ALLA VERGINE NEL MESE DI MAGGIO
di Luigi Celli (Roma 1825 - ivi 1870)

Fra l’innocente ragionar d’amore
E di terra natia,
Quest’inno giovinetto a te s’invia,
O Madre del Signore.

Non egli è il dolce tempo? E la vaghezza
Non è questa dell’anno?
Quale in maggio odorato, e d’amor sanno
I fiori in giovinezza.

Cittadina a la mistica Sionne,
E la tua bella stola
Tu quaggiuso vestisti: oh fra le donne
Prima non pur, ma sola!

Santissimo, e tu il sai,
È di patria il desio, chi ben l'estima:
Gentil più ch’altri mai,
Di tutte gentilezze tien la cima.

E tu, Vergine pura,
Se delle forme tue si configura
Un vergine sembiante,
Fai santo il raggio di due luci sante.

Torna il maggio odorato: di vaghezza
Novella i bei fior sanno;
Ride a noi l’animosa giovinezza
Dopo il vigesim’anno. 

Deh, l’inno che s’invia
Fra l’innocente ragionar d’amore
E di terra natia,
Degna d’un guardo, o madre del Signore.

(Da "Versi", Galeati, Imola 1870)




I nostri ideali erano semplici: la morale austera; la religione fuori delle faccende terrene e purificata nel lavacro delle sue origini; con Dante, col Petrarca, col Leopardi gemevamo sull'avvilimento della patria, senza alcuna determinatezza per l'avvenire; l'amore era, con Dante e col Petrarca, un affanno gentile, incontaminato, purificatore.
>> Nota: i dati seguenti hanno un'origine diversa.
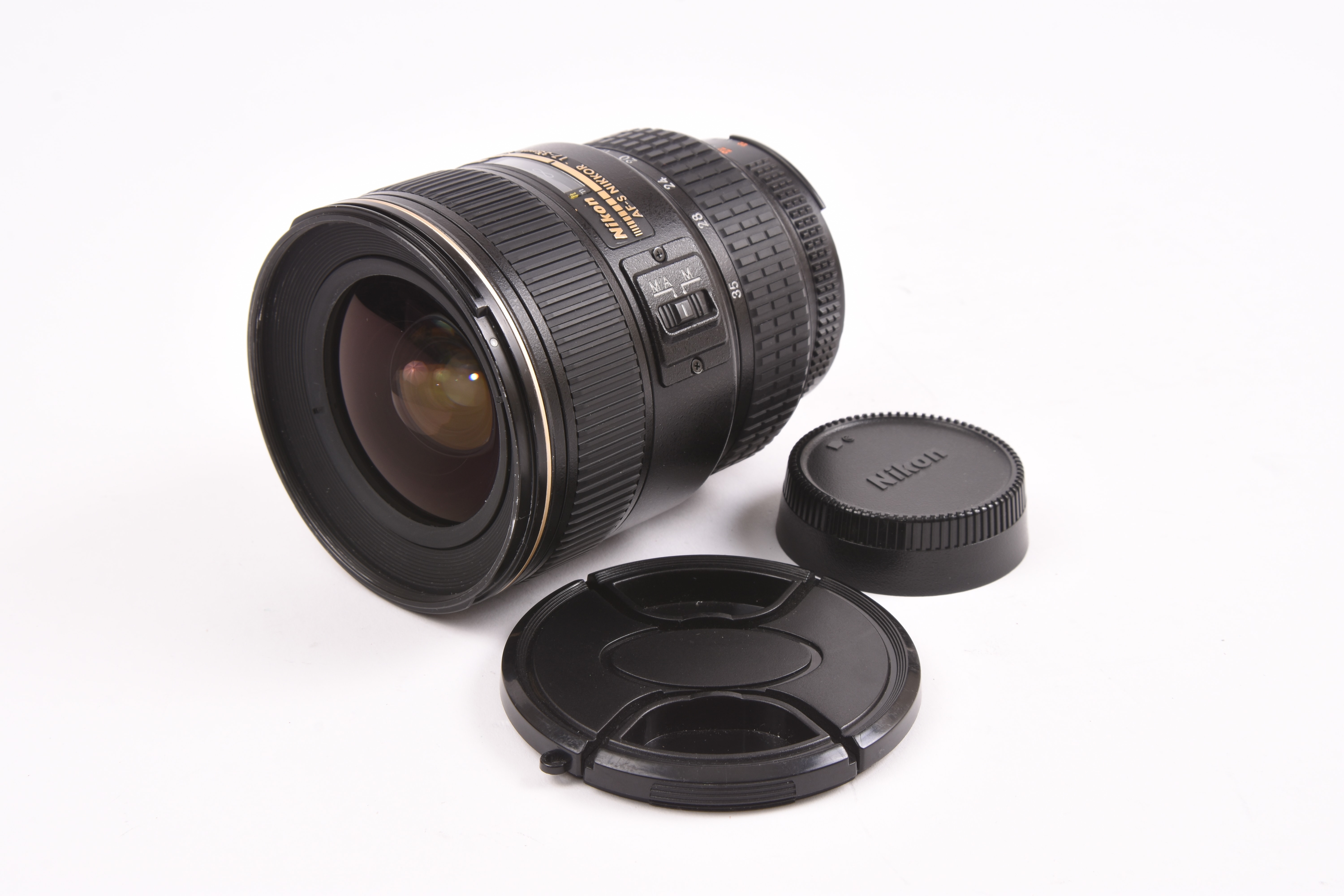 Nikon 17-35mm f/2.8D ED IF — image 1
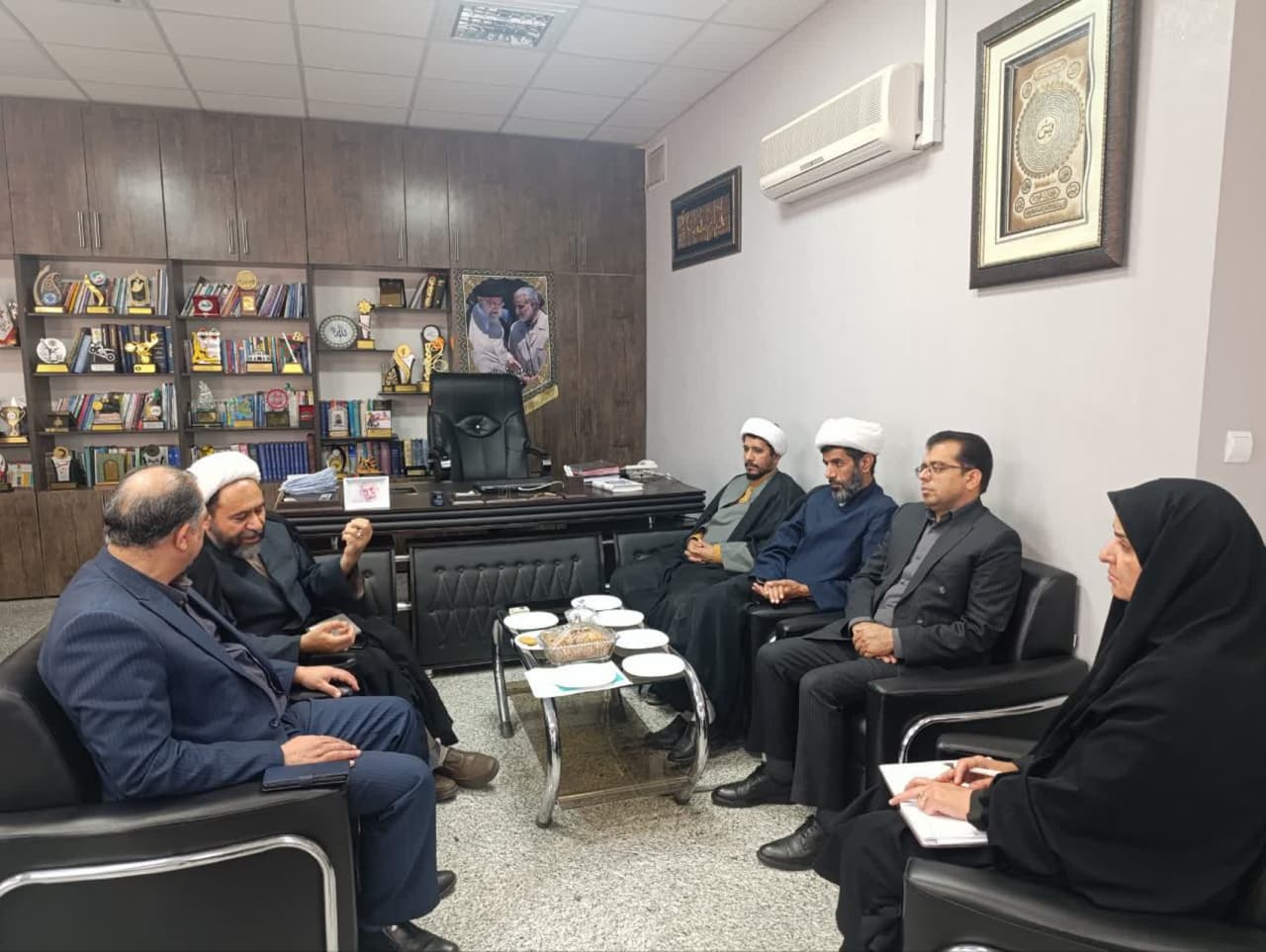 دیدار دبیر و معاونین ستاد استان با سرپرست اداره کل ورزش و جوانان استان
È lontano, non è vero, quel tempo?

[Da "I Poeti della Scuola romana (1850-1870)"]




VENT’ANNI
di Domenico Gnoli (Roma 1838 - ivi 1915)

Io vado su pel mare ondoleggiante
Entro una barca lieve come vento.
Sta sulla poppa un giovine di foco,
Alato, snello e si chiama Desio:
Ha incontro una divina giovinetta,
E tutto pende da le sue pupille
Che sol da quelle pende la sua vita.
Lei dicono Speranza; è tutto riso.
Vanno remando; l’onde ventilate
Baciano la felice navicella.
Nello specchio del mare il sol s’addoppia,
Un’aura dolce mi dilata il petto,
M’agita il crine, mi carezza il viso.
È un affanno, un affanno di dolcezza!

(Da "Versi di Dario Gaddi", Galeati, Imola 1871)




FOCO FATUO
di Pietro Cossa (Roma 1830 - Livorno 1881)

Giulia, hai tu mai veduto
Nell'ore dolci d'una notte estiva,
Allor che tace il vento
O la luce degli astri arde più viva,
Hai veduto talor dal firmamento
Staccarsi un guizzo di cadente foco.
Pari a una stella che tramuti loco?
E là dove si dorme
Sotto povera croce
Sonno duro, uniforme,
Non consolato più da larve care.
Dimmi, Giulia, hai veduto una fiammella
Che tremola, e scompare
Come lampo di stella
Sopra la terra smossa
De la recente fossa?
Graziose follie son de la luce,
E un amor le conduce
Come le idee d'un'anima gentile
Che fatuo chiama il mondo e tiene a vile.
Così vive il poeta:
Luce corta e inquieta,
trascorra vistosa l'emisfero,
solitaria appaia entro a lo stretto
Cerchio d'un cemetero.

(Da "Poesie liriche", Libreria Editrice, Milano 1876)




SOMIGLIANZA
di Ignazio Ciampi (Roma 1824 - ivi 1880)

Se vedo la vecchietta per la via
M'intenerisco tutto e la sogguardo
Con occhio quasi innamorato. Ed ella,
Se s'accorge di me, mi guarda anch'ella
Un po' riconoscente e un po' stupita.
Perché stupisce la vecchietta mia?
Non indovina che ne' suoi sembianti
Ricordo i tratti di mia madre estinta,
E che mi piacerebbe in sulla fronte
Stamparle il bacio che fa bene al core?